As one might expect from the artist who painted The Lady of Shalott as his last major work and statement of aesthetic principles, Tennyson was his favorite contemporary poet. Unlike Rossetti, Swinburne, and others associated with the Pre-Raphaelites, Hunt did not qualify his praise of the man he called "the kingly poet" once Tennyson achieved great popular fame [Pre-Raphaelitism and the Pre-Raphaelite Brotherhood, 2 vols. (London: Macmillan, 1905), II, 171]. One major reason for his continued delight in the works of Tennyson would seem to be that he shared so many conceptions of the nature and purpose of art with him. Like the Poet Laureate, he wished men of creative imagination to be prophets, moral and spiritual guides, and also like Tennyson he was concerned throughout his entire career with making public use of his most personal beliefs. In addition, Hunt, like the poet, remained fascinated by experiences of conversion and illumination as subjects for art throughout his career. The painter's public statements of praise for Tennyson, however, make the relatively pedestrian point that the "wholesome tenor" of his work followed that "of his predecessors, Coleridge, Wordsworth, and other protesters against adoration of license and outlawry" (i.326), which we find in Byron and Shelley.

Characteristically, Hunt's defiant praise of Tennyson on moral grounds — he was writing with the recent experience of the Yellow Nineties in mind — takes the form of a detailed reminiscence of his defense of the poet decades earlier. Pre-Raphaelitism and the Pre-Raphaelite Brotherhood relates that when Hunt visited Oxford 1850, he was surprised to discover that the Fellows of one unnamed college (probably Jesus) received his statements of PRB principles far more favorably than his praise of Tennyson, whom most refused to admit was even a poet. For those unaware of the state of critical opinion more than fifty years earlier, he explains that "the fashion for making robbers, regicides, corsairs, betrayers of homes and innocence, heroes of romance, which Byron, Schiller, Goethe, and Shelley had followed, still captivated the elder world" (i.326). Meanwhile, says Hunt, a

newer generation had found in Keats, Wordsworth, and Coleridge the mental matter of robust honesty which Henry Taylor, Tennyson and Browning utilized to teach the manliness and heroism of simple goodness, a basis which Chaucer and the early English poets had made as that on which our poetry should be built. [i.326-27]

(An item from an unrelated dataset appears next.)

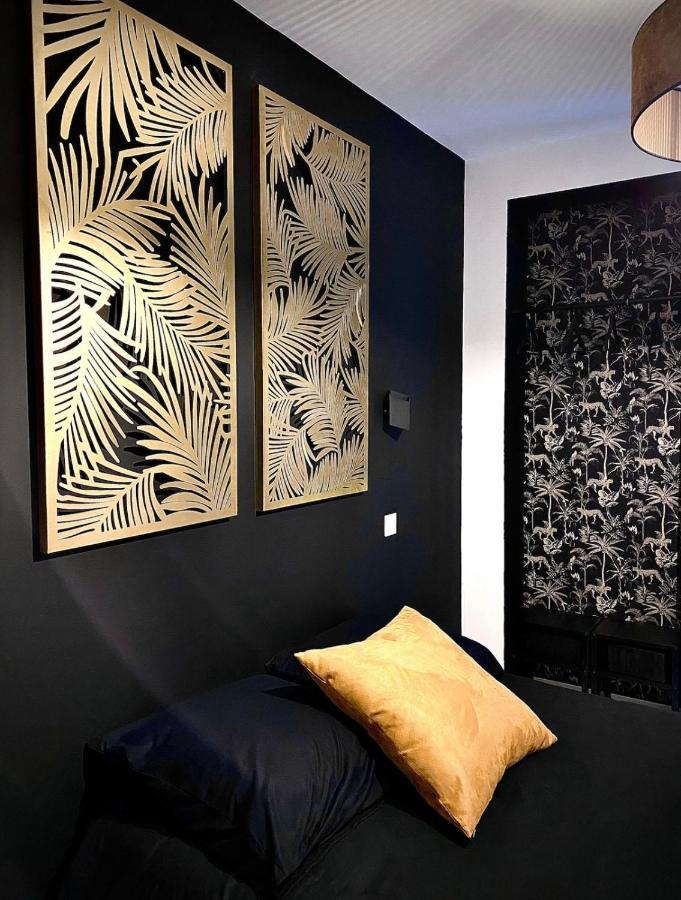Jungle Garage Prive Netflix Apartment Saint-Etienne  Exterior photo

This combined emphasis upon morality and nationalism, as we shall see, remains a constant in Hunt's views of poetry.

Henry Taylor

The notion that the history of poetry after the third decade of the nineteenth century was the history of a necessary and healthy reaction against the excesses of Byron and Shelley was a commonplace of Victorian reviewers, and the painter undoubtedly encountered it in many places. But his mention of the almost forgotten Henry Taylor in the company of Wordsworth, Coleridge, Tennyson, and Browning reminds us that his conceptions of poetry were heavily influenced by the writings of that minor figure. In fact, Hunt's pronouncements about poetry in Pre-Raphaelitism and the Pre-Raphaelite Brotherhood seem to derive rather directly from Taylor's preface to the first edition (1834) of Philip Van Artevelde, a work extremely popular with the Brotherhood in its early years. In his memoirs Hunt recalls that while he would paint Rossetti would declaim the poetry of Robert Browning, William Bell Scott, and Coventry Patmore.

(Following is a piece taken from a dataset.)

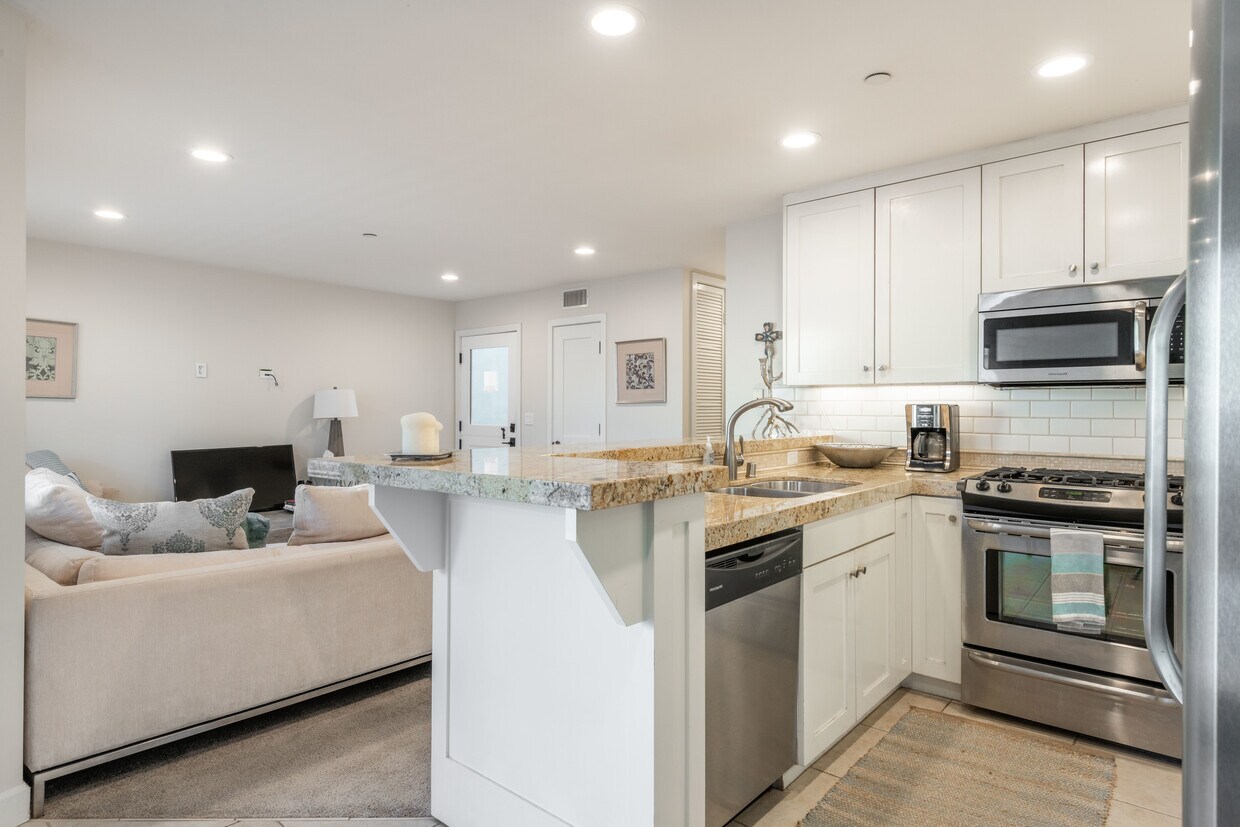 Kitchen Living - 334 18th Pl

Then would follow the grand rhetoric from Taylor's Philip van Artevelde, in the scene between the herald and the Court at Ghent, with Philip in reply, a scene very much to my taste, with my picture standing on the easel designed to show the sword of justice, inevitable in the fulness of time, on all such as being strong scourge the weak, and being rich rob the poor, and 'change the sweat of nature's brow to blood. [i.145]

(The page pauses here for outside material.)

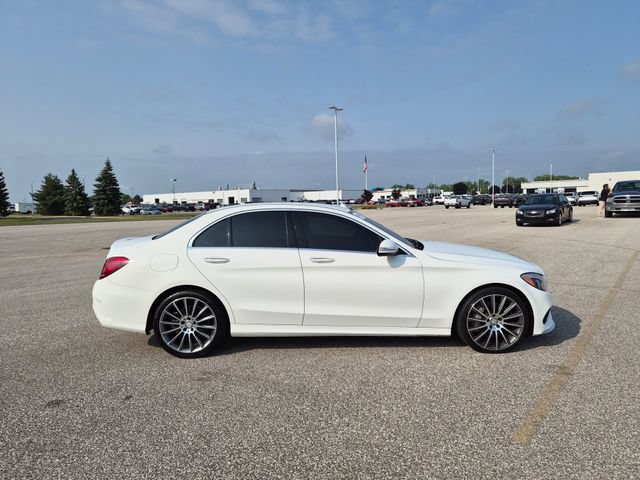 Used 2015 Mercedes-Benz C 300 4MATIC Sedan image 5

Hunt refers to act II, scene 1 in the second part of Taylor's verse drama, in which the hero, who has successfully led an insurrection against the Earl of Flanders, defends the right of the people to revolt against tyranny and exploitation:

Where is there on God's earth that polity Which it is not. . . A treason against nature to uphold? Whom may we now call free?. . . . What then remains But in the cause of nature to stand forth,

And turn this frame of things the right side up?
For this the hour is come, the sword is drawn,
And tell your masters vainly they resist.
Nature, that slept beneath their poisonous drugs,
Is up and stirring, and from north and south,
From east and west, from England and from France,
From Germany, and Flanders, and Navarre,
Shall stand against them like a beast at bay.
The blood that they have shed will hide no longer
In the blood-sloken soil, but cries to Heaven. . . .
Rises the song, — How are the mighty fallen'
And by the peasant's hand' Low lie the proud'
And smitten with the weapons of the poor, —
The blacksmith's hammer and the woodsman's axe.
Their tale is told; and for that they were rich,
And robbed the poor; and for that they were strong,
And scourged the weak; and for that they made laws
Which turned the sweat of labor's brow to blood! —
For these their sins the nations cast them out. [Philip Van Artevelde. A Dramatic Romance in Two Parts. (Boston: Ticknor and Fields, 1863), 258-59.]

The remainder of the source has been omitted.